In 2019, the South African sector employed 65 000 people, with total market revenues of $1.04-billion. By 2024, these figures had increased to some 150 000 people and $2.91-billion. The development of the sector in recent years has been driven by significant foreign investment.  The main centre for global business services operations is Cape Town, with Durban second and then Johannesburg. But Tshwane, East London and Gqeberha are also significant locations.

The main sectors covered are financial services, healthcare, legal services, and technology and communications. The biggest single source market for the sector is the UK, services to which employ 55% of the total workforce in the South African globally-focused sector. Back in 2019, the US accounted for just 1% of these workers; now, that proportion is 33%, showing the speed with which that segment has grown. The other major source markets are Australia, Germany, France and the Netherlands.

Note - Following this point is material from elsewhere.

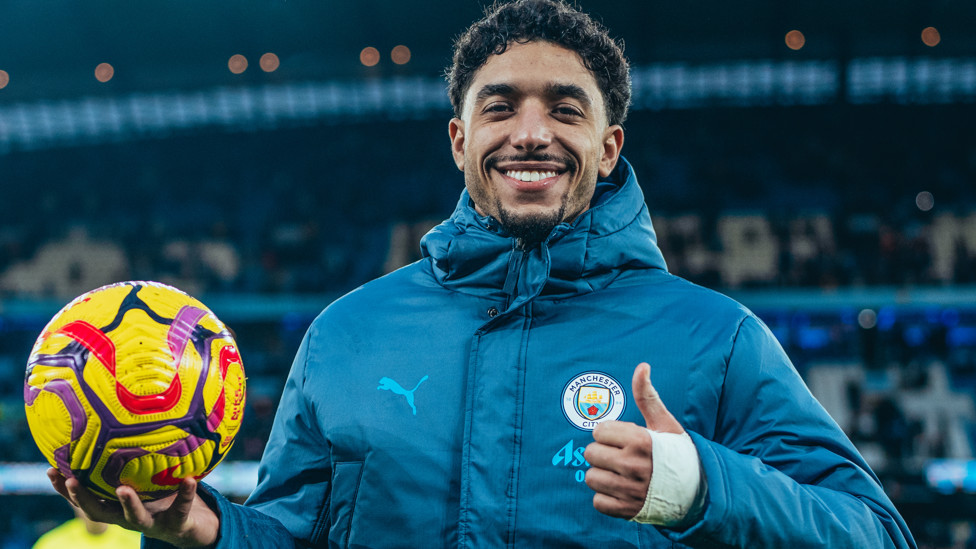 THUMBS UP : Match ball for Marmoush!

The refreshed value proposition has six pillars. They are – infrastructure and enabling environment; mature industry and value-driven growth; people prowess; assured service excellence; cost arbitrage and business advantage; and “tactical advantage”.

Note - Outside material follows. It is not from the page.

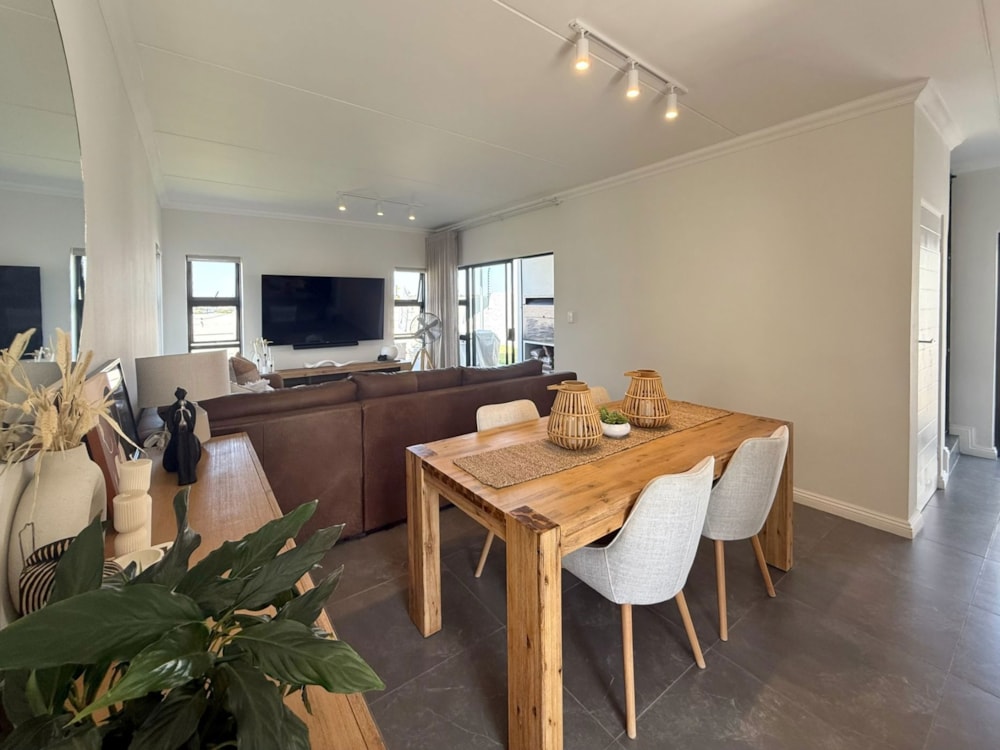 Double-storey house for sale in Peach Tree - 1CU1717164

In terms of infrastructure and enabling environment, South Africa must ensure it has one of the best information and communication technology infrastructures in Africa, global contact centre standards (ISO 18295) that are based on South African best practices and the sector must have strong support from national, provincial and local governments. Mature industry and value-driven growth refers to the fact that the country can provide expertise in all relevant communications channels, as well as complex process management, deep knowledge in financial services, coupled with a move to tech-enabled high-value services, and developing capabilities in next-generation solutions, including cybersecurity.  People prowess alludes to the availability of a large, young, very trainable workforce, fluent in English, and with cultural affinities with the UK, US and Australia.

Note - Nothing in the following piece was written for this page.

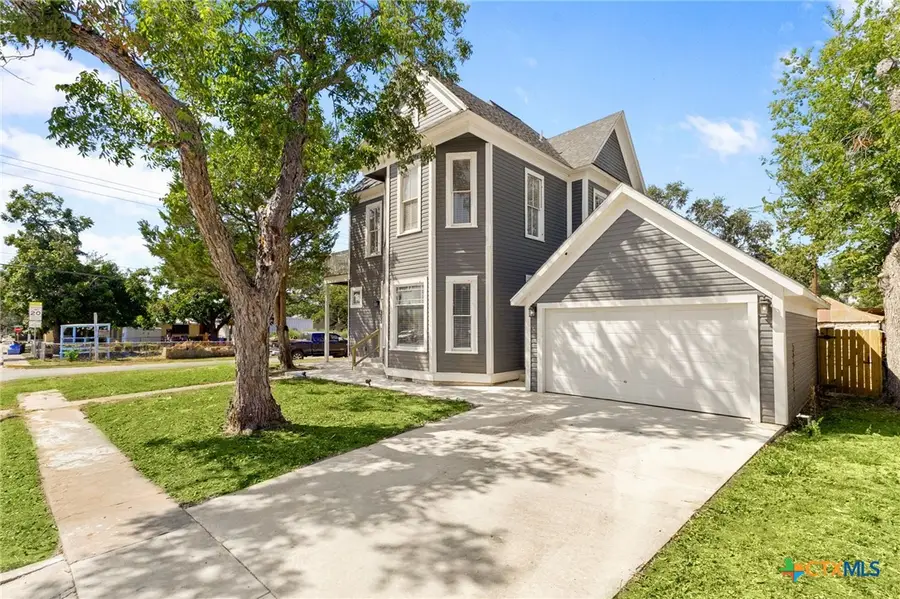 400 N Bowie Street, Seguin, TX 78155 - #2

Assured service excellence is confirmed by the consistent high customer satisfaction and Net Promoter Scores, with the South African sector also recognised for high empathy in service delivery and excellent customer “journey” management and high first-call resolution rates. Cost arbitrage and business advantage refers to the fact that South African-based operations are 55% to 65% cheaper than they would be in the US, UK or Australia; South African government incentives reduced local operational costs by a further 7% to 10%; moreover, the sector is expanding into Tier 2 and Tier 3 cities across the country, offering greater flexibility (as well as creating direct and indirect jobs in these smaller centres). “Tactical advantage” alluded to the ability of locally based operations to access Africa through a regional hub-and-spoke model, allowing businesses to plug into the continent’s fast-growing markets, and access long-term growth.